Appeals against the decisions of the Home Secretary were primarily made to the Special Immigration Appeals Commission (SIAC) – a court with procedures described by the Joint Committee on Human Rights as ‘Kafkaesque’ and ‘against basic notions of fair play as the lay public would understand them’. When appealing to the SIAC, alleged terrorists and their legal teams are not permitted access to all the evidence against them. Instead, ‘special advocates’ are appointed to challenge classified material on their behalf. Having seen the classified material, however, the special advocate is allowed minimal contact with the accused and therefore has to represent them without being able to discuss the evidence. This is intended to protect the methods of the security services, their sources and their relationships with foreign intelligence agencies. In practice, it means the accused is often unaware of the case against them. Qatada has had insufficient opportunity to challenge effectively his ongoing detention and certification as a terrorist suspect.

Whereas in a criminal trial the prosecution must demonstrate guilt beyond reasonable doubt, before the SIAC the standard is reasonable suspicion. Yet for justice to be done, guilt must be established beyond reasonable doubt under the safeguards of the criminal legal system, regardless of the strength of evidence and the gravity of the accusations facing an alleged terrorist.

One of the most disturbing features of recent British counter-terrorism policy is the use of Memorandums of Understanding (MoUs). These are diplomatic assurances under which terrorist suspects are removed to countries otherwise deemed too dangerous for deportation. Britain has entered MoUs with Jordan, Ethiopia, Lebanon and Libya, and has a similar agreement with Algeria. None of these countries are honouring their legally binding obligations under the UN Convention Against Torture, yet it is asserted that non-legally binding MoUs will ensure the safety of deportees from mistreatment. In its most recent judgment on the Qatada case, the European Court of Human Rights notes the criticism that such agreements undermine the existing framework for the prevention of torture and are intrinsically unsafe. Yet the court concludes that an MoU with Jordan would safeguard Qatada against ill treatment. It seems irrational to assume that fear of condemnation from Britain, for breach of a diplomatic agreement, is sufficient to safeguard a deportee accused of international terrorism. In breach of international law, Jordan has failed to curb systemic torture and to allow international monitors to interview detainees.

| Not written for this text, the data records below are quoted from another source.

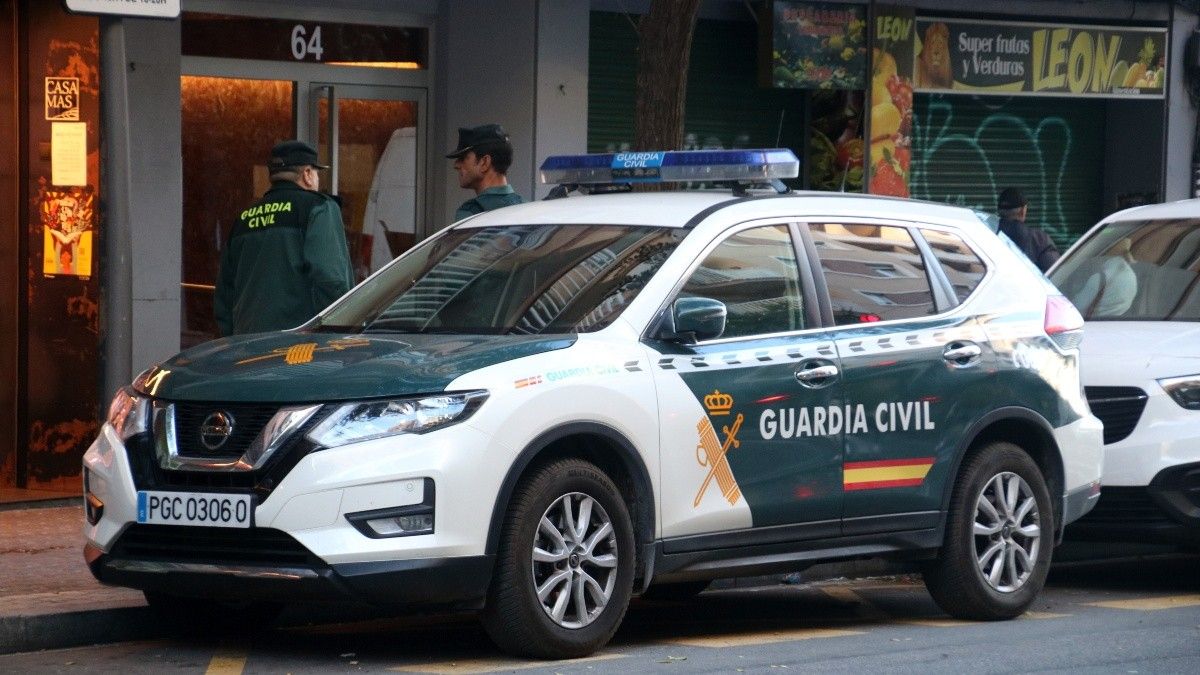 Dos agents de la Guàrdia Civil en l'operatiu conjunt amb els Mossos d'Esquadra en un domicili del carrer Ramon i Cajal de Tarragona.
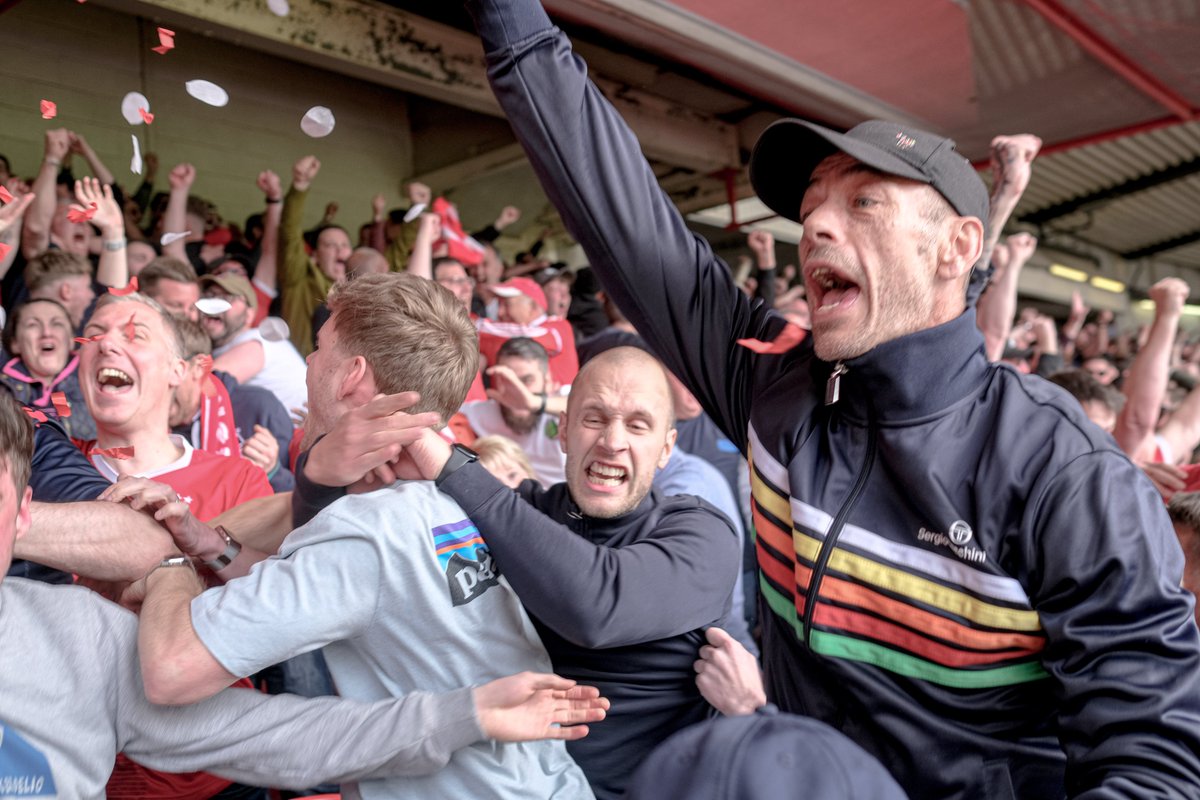 GloriousBanners tweet picture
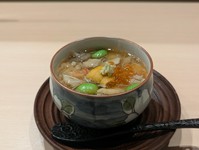 寿司海路の茶碗蒸しは、シンプルながらも奥深い味わいで、食卓を華やかに彩ります。温かく提供されるこの一品は、寒い日にも心を温め、特別なひとときを演出します。ぜひ一度、当店自慢の茶碗蒸しをご賞味ください。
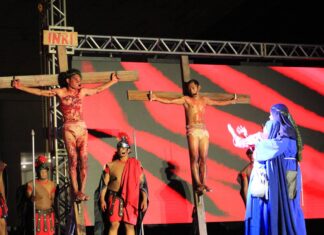 Encenação da Paixão de Cristo reúne fiéis na zona Oeste de Boa Vista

Qatada has now been refused leave to appeal to the Grand Chamber of the European Court of Human Rights. In deporting foreign nationals to face trial in countries where torture is systemic, Britain is endorsing dangerously unsafe legal proceedings. It is also jeopardizing the binding legal framework that unconditionally prohibits torture. This is not bringing terrorist suspects to justice. It is undermining it.

Simon Crowther is a trainee barrister and has published research on the Special Immigration Appeals Commission.